**Dataset records**
-*-*-
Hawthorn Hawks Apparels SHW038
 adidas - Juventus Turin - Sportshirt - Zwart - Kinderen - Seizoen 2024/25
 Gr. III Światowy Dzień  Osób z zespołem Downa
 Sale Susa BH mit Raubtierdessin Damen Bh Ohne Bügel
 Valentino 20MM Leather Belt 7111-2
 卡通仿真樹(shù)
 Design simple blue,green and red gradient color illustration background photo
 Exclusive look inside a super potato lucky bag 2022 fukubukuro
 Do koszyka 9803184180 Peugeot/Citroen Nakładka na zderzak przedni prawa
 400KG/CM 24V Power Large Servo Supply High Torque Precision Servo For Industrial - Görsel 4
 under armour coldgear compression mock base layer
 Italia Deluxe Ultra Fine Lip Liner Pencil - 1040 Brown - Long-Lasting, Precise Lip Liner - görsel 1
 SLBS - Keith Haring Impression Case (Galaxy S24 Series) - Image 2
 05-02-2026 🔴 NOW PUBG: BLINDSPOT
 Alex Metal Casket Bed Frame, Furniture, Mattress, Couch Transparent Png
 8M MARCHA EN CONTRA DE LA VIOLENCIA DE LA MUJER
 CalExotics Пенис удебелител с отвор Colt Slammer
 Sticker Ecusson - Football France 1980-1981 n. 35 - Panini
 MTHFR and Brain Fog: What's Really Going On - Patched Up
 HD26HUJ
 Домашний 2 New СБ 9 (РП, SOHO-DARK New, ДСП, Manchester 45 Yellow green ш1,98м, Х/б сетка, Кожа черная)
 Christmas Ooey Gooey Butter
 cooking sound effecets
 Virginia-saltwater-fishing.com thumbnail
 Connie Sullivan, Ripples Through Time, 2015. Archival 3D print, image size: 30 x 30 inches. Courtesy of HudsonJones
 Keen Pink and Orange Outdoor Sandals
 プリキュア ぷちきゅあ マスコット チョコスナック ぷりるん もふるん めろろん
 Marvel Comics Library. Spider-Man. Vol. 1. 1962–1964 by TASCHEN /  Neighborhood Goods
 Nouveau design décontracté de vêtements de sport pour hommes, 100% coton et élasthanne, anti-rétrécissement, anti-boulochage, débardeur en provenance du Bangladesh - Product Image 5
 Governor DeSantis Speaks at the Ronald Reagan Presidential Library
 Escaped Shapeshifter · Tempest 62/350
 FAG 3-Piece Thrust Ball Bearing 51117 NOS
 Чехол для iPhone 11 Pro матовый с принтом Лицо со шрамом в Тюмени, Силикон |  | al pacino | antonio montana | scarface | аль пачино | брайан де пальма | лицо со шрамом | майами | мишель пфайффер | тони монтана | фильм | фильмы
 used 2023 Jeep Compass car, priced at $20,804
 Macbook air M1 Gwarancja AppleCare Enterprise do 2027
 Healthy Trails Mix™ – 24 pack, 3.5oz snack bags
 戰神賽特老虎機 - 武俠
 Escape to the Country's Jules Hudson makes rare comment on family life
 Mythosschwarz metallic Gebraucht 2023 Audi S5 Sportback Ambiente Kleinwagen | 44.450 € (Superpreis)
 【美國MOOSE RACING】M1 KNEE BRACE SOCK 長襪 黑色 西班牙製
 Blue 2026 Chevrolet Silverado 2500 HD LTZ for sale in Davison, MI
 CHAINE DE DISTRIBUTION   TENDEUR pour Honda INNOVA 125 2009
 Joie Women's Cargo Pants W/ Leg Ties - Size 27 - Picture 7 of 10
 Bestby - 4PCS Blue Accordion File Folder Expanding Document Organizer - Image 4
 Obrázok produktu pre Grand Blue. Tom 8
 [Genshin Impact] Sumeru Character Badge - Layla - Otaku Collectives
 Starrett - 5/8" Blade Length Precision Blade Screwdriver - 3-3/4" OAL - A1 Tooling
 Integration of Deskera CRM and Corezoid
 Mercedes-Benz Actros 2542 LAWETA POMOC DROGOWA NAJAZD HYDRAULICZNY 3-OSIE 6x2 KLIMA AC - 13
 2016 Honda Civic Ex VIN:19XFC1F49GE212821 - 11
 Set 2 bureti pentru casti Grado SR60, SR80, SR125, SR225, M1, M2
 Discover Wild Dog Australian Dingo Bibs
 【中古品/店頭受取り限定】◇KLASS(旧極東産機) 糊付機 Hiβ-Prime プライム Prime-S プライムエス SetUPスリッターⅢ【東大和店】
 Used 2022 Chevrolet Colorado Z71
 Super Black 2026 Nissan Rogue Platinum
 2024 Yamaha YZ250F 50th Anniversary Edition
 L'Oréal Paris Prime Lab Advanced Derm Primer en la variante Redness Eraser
-*-*-
**Task prompt**
Starting with the line with "used 2023 Jeep" above and going on through the line with "Joie Women's Cargo", transcribe every line exactly, both ends included, and add nothing.

**Task output**
 used 2023 Jeep Compass car, priced at $20,804
 Macbook air M1 Gwarancja AppleCare Enterprise do 2027
 Healthy Trails Mix™ – 24 pack, 3.5oz snack bags
 戰神賽特老虎機 - 武俠
 Escape to the Country's Jules Hudson makes rare comment on family life
 Mythosschwarz metallic Gebraucht 2023 Audi S5 Sportback Ambiente Kleinwagen | 44.450 € (Superpreis)
 【美國MOOSE RACING】M1 KNEE BRACE SOCK 長襪 黑色 西班牙製
 Blue 2026 Chevrolet Silverado 2500 HD LTZ for sale in Davison, MI
 CHAINE DE DISTRIBUTION   TENDEUR pour Honda INNOVA 125 2009
 Joie Women's Cargo Pants W/ Leg Ties - Size 27 - Picture 7 of 10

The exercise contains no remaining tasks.